Given information —
= = =
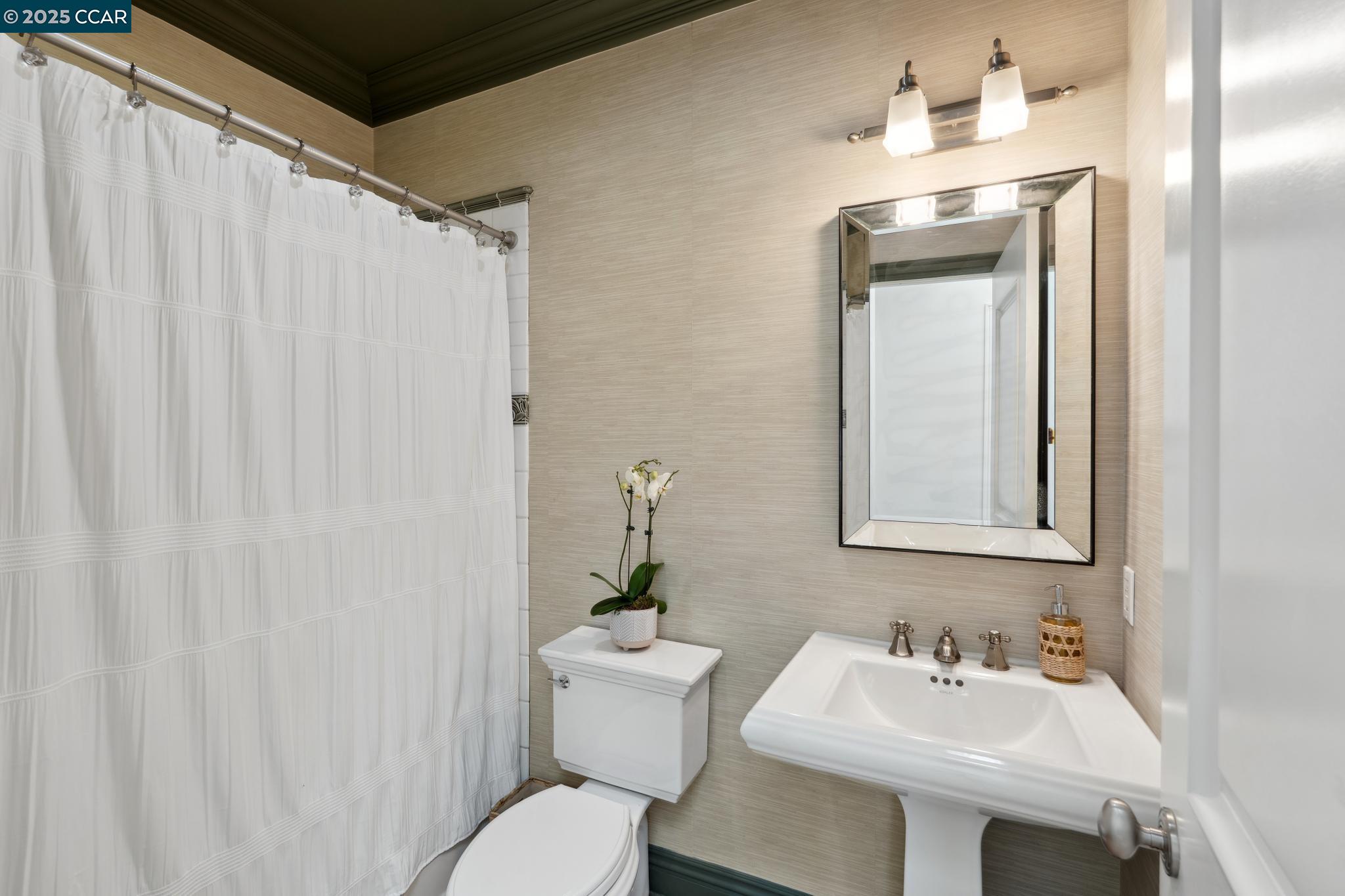 Detail Gallery Image 27 of 54 For 77 Van Ripper Ln, Orinda,  CA 94563 - 4 Beds | 3 Baths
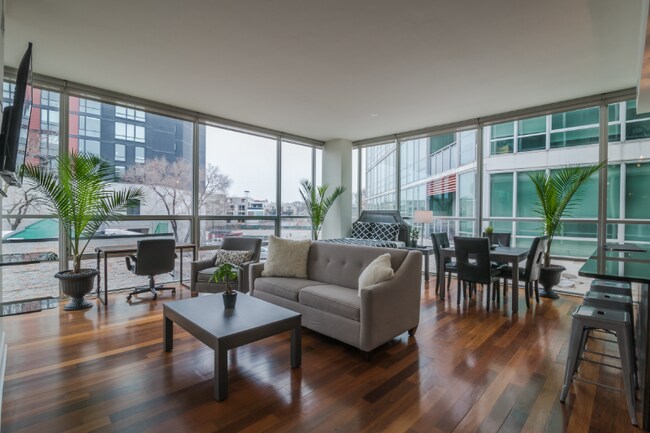 Photo - 1624 W Division St Apartment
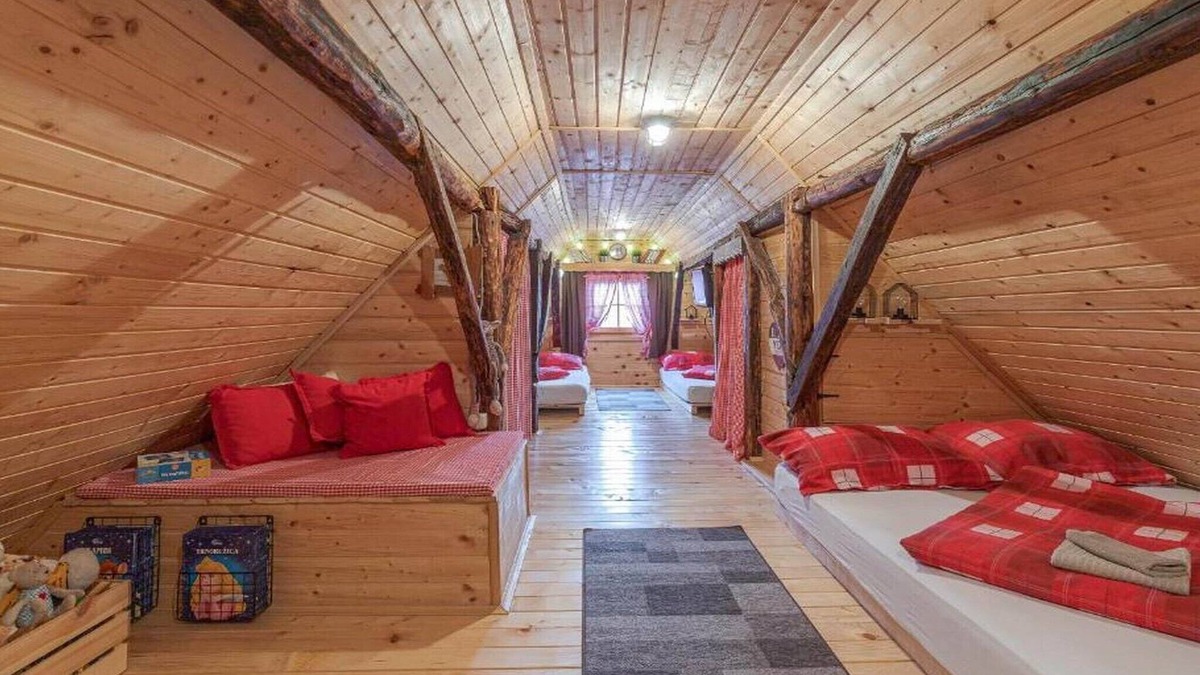 Zumberak Ski Chalet | Stara Hiža Vlašić - Duplex one bedroom Chalet with Private Garden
= = =
In your answer, repeat the material above in full, exactly, and without its pictures.

Answer to the exercise —
 Detail Gallery Image 27 of 54 For 77 Van Ripper Ln, Orinda,  CA 94563 - 4 Beds | 3 Baths
 Photo - 1624 W Division St Apartment
 Zumberak Ski Chalet | Stara Hiža Vlašić - Duplex one bedroom Chalet with Private Garden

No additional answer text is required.